(Beginning of EXERCISE DATA)

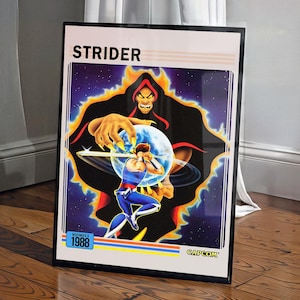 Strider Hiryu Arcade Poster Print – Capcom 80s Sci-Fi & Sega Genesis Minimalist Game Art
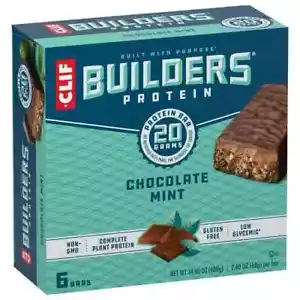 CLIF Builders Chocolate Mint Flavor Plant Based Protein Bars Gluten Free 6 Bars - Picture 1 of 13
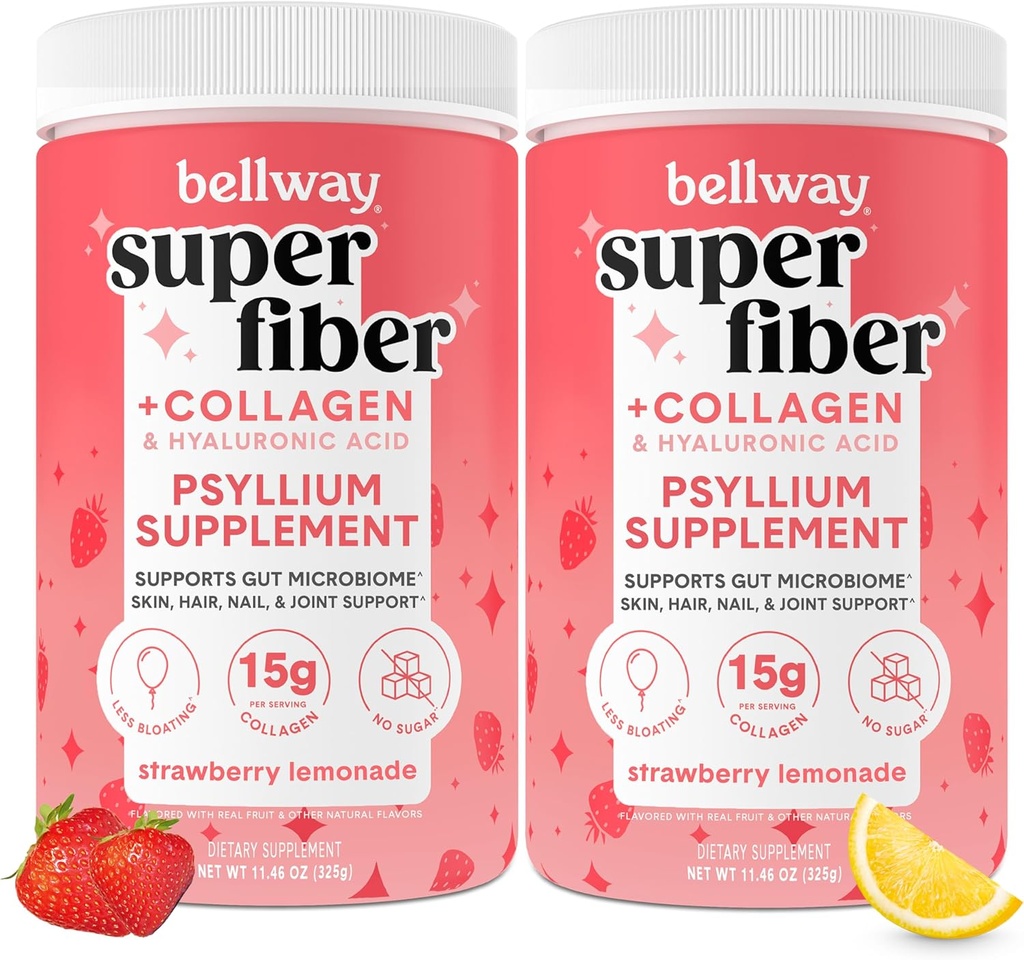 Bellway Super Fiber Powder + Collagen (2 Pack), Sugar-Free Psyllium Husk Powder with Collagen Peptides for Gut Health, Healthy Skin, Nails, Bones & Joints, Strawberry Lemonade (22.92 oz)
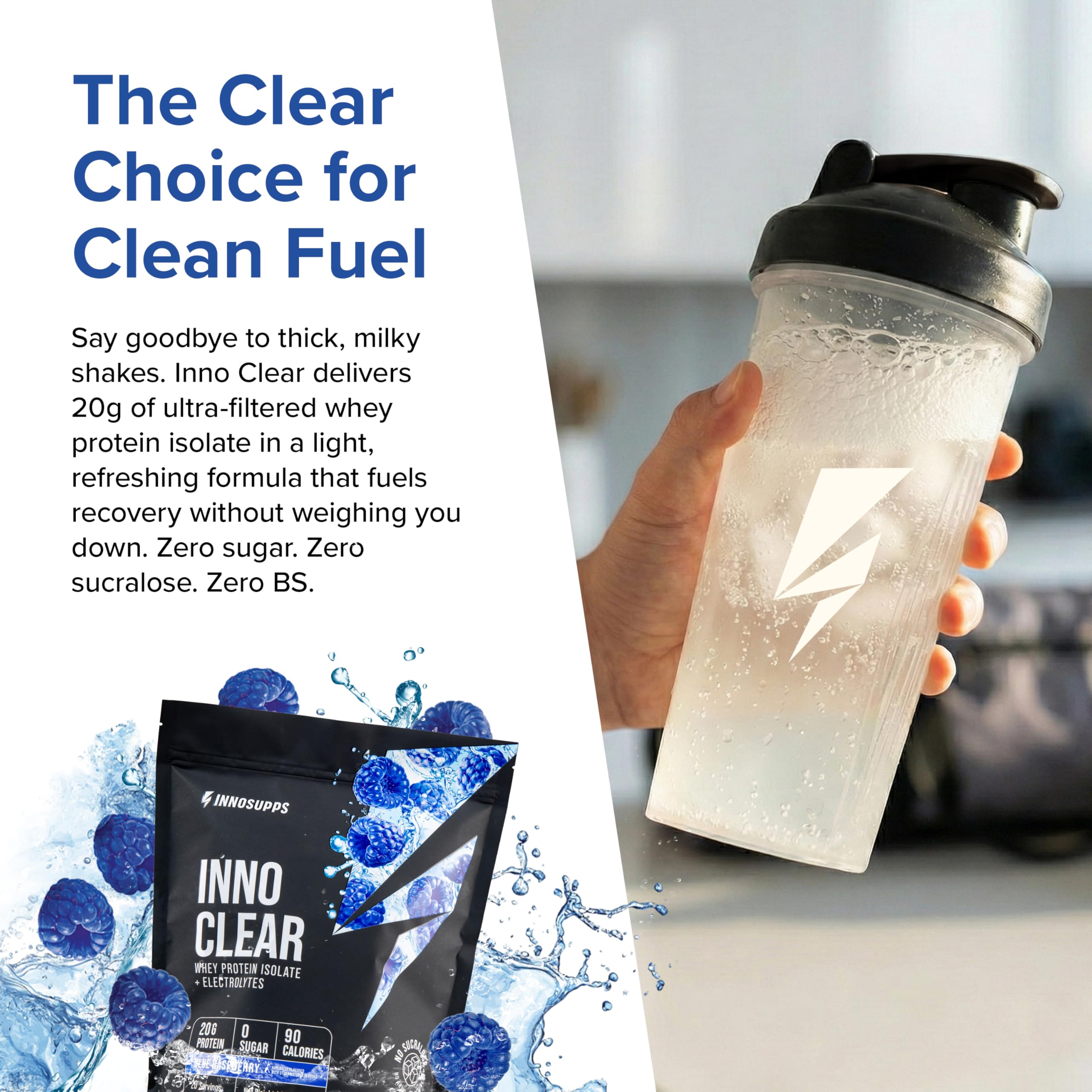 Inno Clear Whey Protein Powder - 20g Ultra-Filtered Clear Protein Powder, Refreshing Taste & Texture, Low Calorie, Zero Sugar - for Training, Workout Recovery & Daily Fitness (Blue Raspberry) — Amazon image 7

(End of EXERCISE DATA)

I'd like the material repeated word for word, without the pictures it holds.

PROBLEM SOLUTION.
 Strider Hiryu Arcade Poster Print – Capcom 80s Sci-Fi & Sega Genesis Minimalist Game Art
 CLIF Builders Chocolate Mint Flavor Plant Based Protein Bars Gluten Free 6 Bars - Picture 1 of 13
 Bellway Super Fiber Powder + Collagen (2 Pack), Sugar-Free Psyllium Husk Powder with Collagen Peptides for Gut Health, Healthy Skin, Nails, Bones & Joints, Strawberry Lemonade (22.92 oz)
 Inno Clear Whey Protein Powder - 20g Ultra-Filtered Clear Protein Powder, Refreshing Taste & Texture, Low Calorie, Zero Sugar - for Training, Workout Recovery & Daily Fitness (Blue Raspberry) — Amazon image 7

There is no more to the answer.